Segment Start: Data shown

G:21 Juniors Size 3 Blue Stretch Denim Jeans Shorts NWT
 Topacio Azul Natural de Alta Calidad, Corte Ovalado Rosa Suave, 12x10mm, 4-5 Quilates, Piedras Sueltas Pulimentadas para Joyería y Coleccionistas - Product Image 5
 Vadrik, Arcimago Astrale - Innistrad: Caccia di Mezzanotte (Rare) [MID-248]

Segment End: Data shown

Task to carry out
Write the lines out again exactly, beginning at the line that contains "Topacio Azul Natural" and stopping only at the final line of the listing above.

Answer space
 Topacio Azul Natural de Alta Calidad, Corte Ovalado Rosa Suave, 12x10mm, 4-5 Quilates, Piedras Sueltas Pulimentadas para Joyería y Coleccionistas - Product Image 5
 Vadrik, Arcimago Astrale - Innistrad: Caccia di Mezzanotte (Rare) [MID-248]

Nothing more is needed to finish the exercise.